>>>>>
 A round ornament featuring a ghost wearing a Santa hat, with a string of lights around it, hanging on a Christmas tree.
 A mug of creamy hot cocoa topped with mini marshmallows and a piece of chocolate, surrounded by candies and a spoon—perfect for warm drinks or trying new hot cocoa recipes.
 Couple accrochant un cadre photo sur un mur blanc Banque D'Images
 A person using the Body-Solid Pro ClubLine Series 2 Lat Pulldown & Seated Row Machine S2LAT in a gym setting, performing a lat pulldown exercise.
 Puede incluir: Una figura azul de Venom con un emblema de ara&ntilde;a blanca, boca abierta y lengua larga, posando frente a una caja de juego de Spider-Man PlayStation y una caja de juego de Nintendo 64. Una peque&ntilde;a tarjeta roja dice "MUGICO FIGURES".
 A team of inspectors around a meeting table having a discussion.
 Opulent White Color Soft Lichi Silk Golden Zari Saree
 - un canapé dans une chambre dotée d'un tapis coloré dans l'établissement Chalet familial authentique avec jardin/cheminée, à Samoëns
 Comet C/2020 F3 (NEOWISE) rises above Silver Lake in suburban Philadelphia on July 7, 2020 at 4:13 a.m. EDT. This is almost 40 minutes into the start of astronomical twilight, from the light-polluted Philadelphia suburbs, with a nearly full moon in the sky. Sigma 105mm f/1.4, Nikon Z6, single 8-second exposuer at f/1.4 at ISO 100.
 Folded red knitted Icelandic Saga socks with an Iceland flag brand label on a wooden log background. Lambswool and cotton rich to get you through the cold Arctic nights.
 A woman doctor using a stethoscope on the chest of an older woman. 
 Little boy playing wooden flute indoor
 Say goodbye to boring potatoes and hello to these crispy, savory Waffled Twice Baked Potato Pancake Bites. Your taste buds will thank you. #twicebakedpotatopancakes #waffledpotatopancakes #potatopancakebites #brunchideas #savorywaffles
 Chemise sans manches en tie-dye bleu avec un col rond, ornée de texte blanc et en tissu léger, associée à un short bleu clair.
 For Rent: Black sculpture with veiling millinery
<<<<<
ABOUT THIS EXERCISE - Print, please, the lines from the first line of the material through the line that contains "Little boy playing wooden flute indoor", exactly as written and with nothing added.

WRITTEN SOLUTION -
 A round ornament featuring a ghost wearing a Santa hat, with a string of lights around it, hanging on a Christmas tree.
 A mug of creamy hot cocoa topped with mini marshmallows and a piece of chocolate, surrounded by candies and a spoon—perfect for warm drinks or trying new hot cocoa recipes.
 Couple accrochant un cadre photo sur un mur blanc Banque D'Images
 A person using the Body-Solid Pro ClubLine Series 2 Lat Pulldown & Seated Row Machine S2LAT in a gym setting, performing a lat pulldown exercise.
 Puede incluir: Una figura azul de Venom con un emblema de ara&ntilde;a blanca, boca abierta y lengua larga, posando frente a una caja de juego de Spider-Man PlayStation y una caja de juego de Nintendo 64. Una peque&ntilde;a tarjeta roja dice "MUGICO FIGURES".
 A team of inspectors around a meeting table having a discussion.
 Opulent White Color Soft Lichi Silk Golden Zari Saree
 - un canapé dans une chambre dotée d'un tapis coloré dans l'établissement Chalet familial authentique avec jardin/cheminée, à Samoëns
 Comet C/2020 F3 (NEOWISE) rises above Silver Lake in suburban Philadelphia on July 7, 2020 at 4:13 a.m. EDT. This is almost 40 minutes into the start of astronomical twilight, from the light-polluted Philadelphia suburbs, with a nearly full moon in the sky. Sigma 105mm f/1.4, Nikon Z6, single 8-second exposuer at f/1.4 at ISO 100.
 Folded red knitted Icelandic Saga socks with an Iceland flag brand label on a wooden log background. Lambswool and cotton rich to get you through the cold Arctic nights.
 A woman doctor using a stethoscope on the chest of an older woman. 
 Little boy playing wooden flute indoor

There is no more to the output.